Johnny Meads

No. 91, 93
- Position: Linebacker

Personal information
- Born: June 25, 1961 (age 65) New Orleans, Louisiana, U.S.
- Listed height: 6 ft 2 in (1.88 m)
- Listed weight: 231 lb (105 kg)

Career information
- High school: Napoleonville (LA) Assumption
- College: Nicholls State
- NFL draft: 1984 (3rd round, 56th overall pick)

Career history
- Houston Oilers (1984–1992); Washington Redskins (1992);

Career NFL statistics
- Sacks: 23.5
- Interceptions: 1
- Fumble recoveries: 2
- Stats at Pro Football Reference

= Johnny Meads =

American football player (born 1961)

Johnny Sand Meads (born June 25, 1961) is an American former professional football player who was a linebacker in the National Football League (NFL) for the Houston Oilers from 1984 to 1992 and Washington Redskins in 1992. Meads was selected by the Oilers in the third round of the 1984 NFL draft, and was also a third round (56th overall) selection by the New Orleans Breakers in the 1984 USFL draft.

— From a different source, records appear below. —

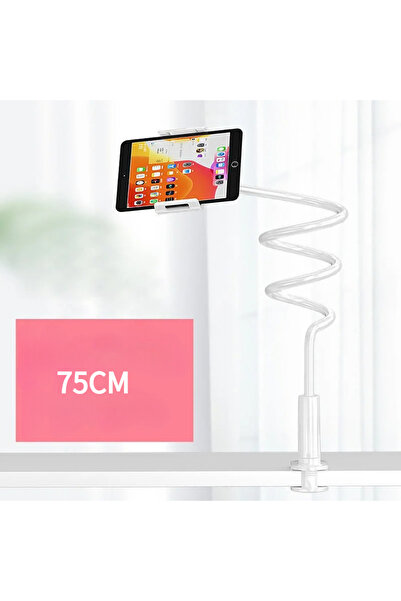 choice2 حامل هاتف محمول وتابلت أبيض قابل للطي 70 سم بجانب السرير وحامل مسند ر...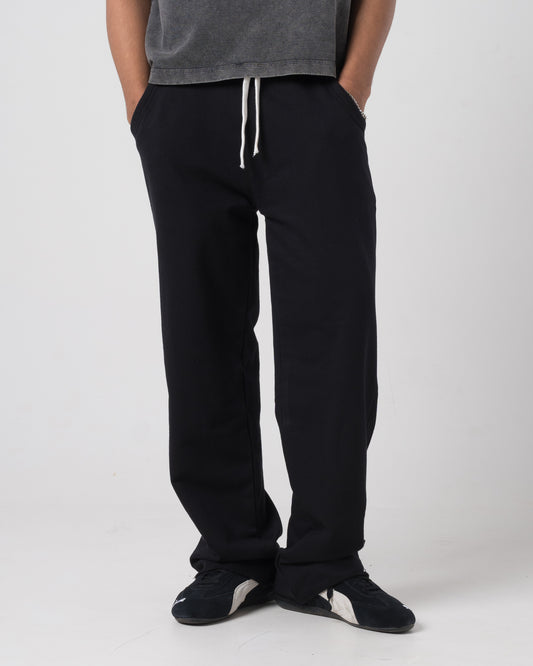 Raw Hem Loose Sweatpants (Black)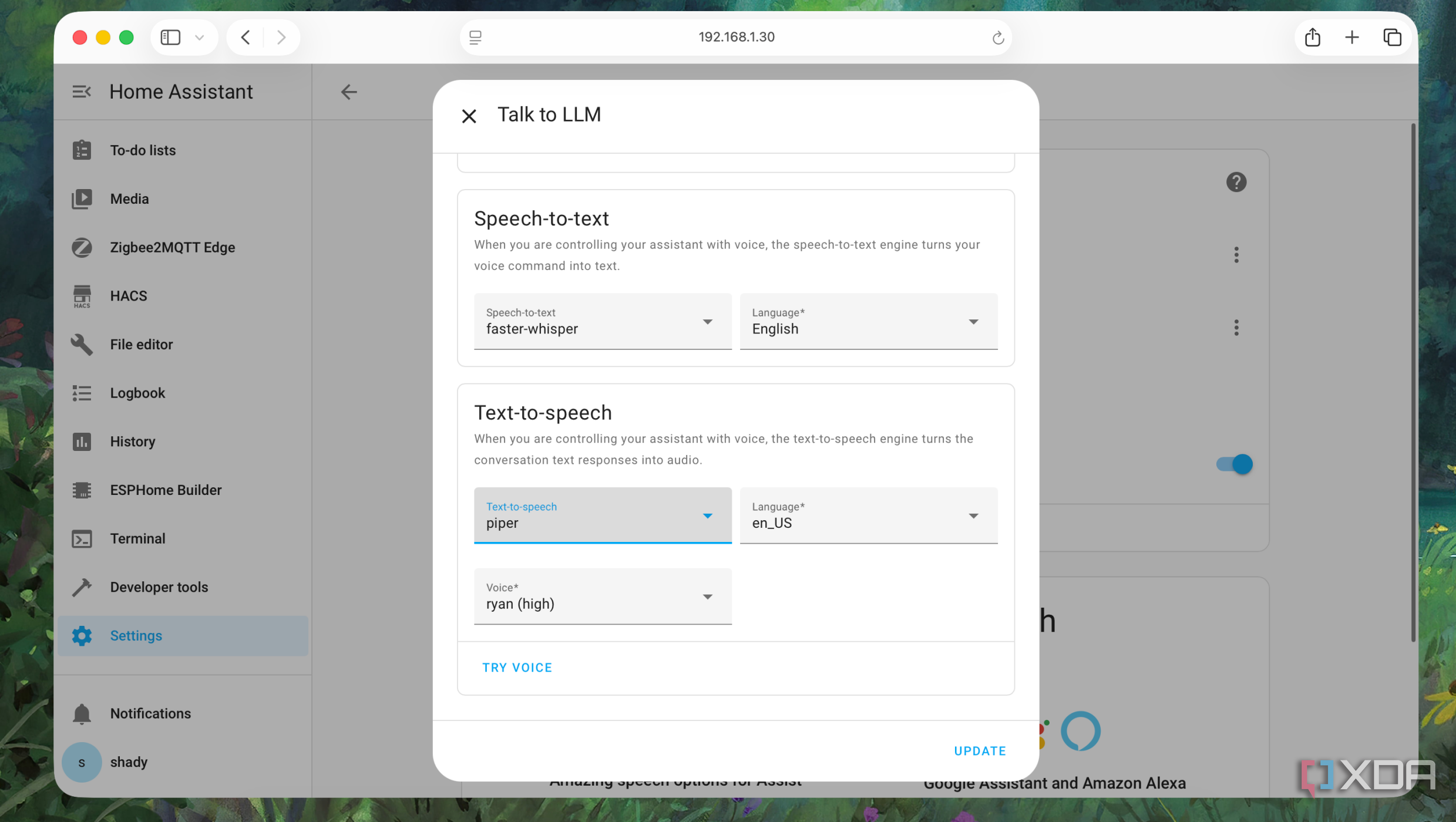 Setting Speech-to-Text and Text-to-Speech engines for a voice pipeline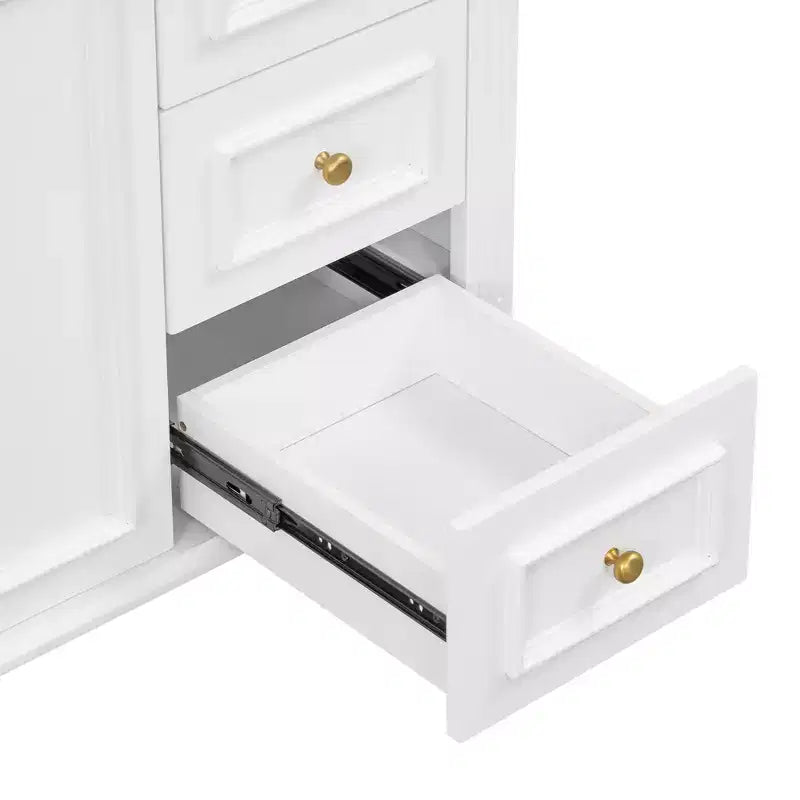 Meuble sous-vasque 36 pouces avec rangement, meuble de salle de bain au sol avec tiroirs et portes à fermeture douce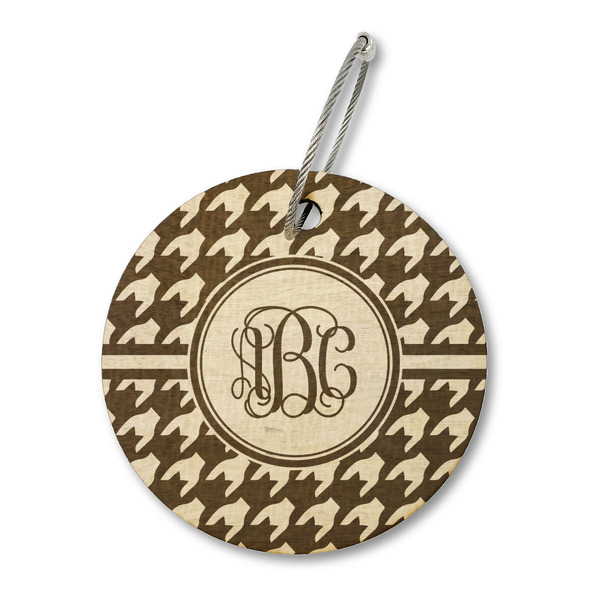 Custom Houndstooth Wood Luggage Tag - Round (Personalized)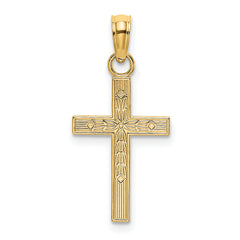 14K Textured Center Block Cross Charm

Meads played college football for the Nicholls State Colonels and high school football at Assumption High School in Napoleonville, Louisiana.

==Later career==
Meads walked on to the football team at Nicholls State without a scholarship before being drafted into the NFL. After retiring from professional football, he worked as a recruiter, including for the Truck Driver Institute's Milton, Florida campus as of 2019.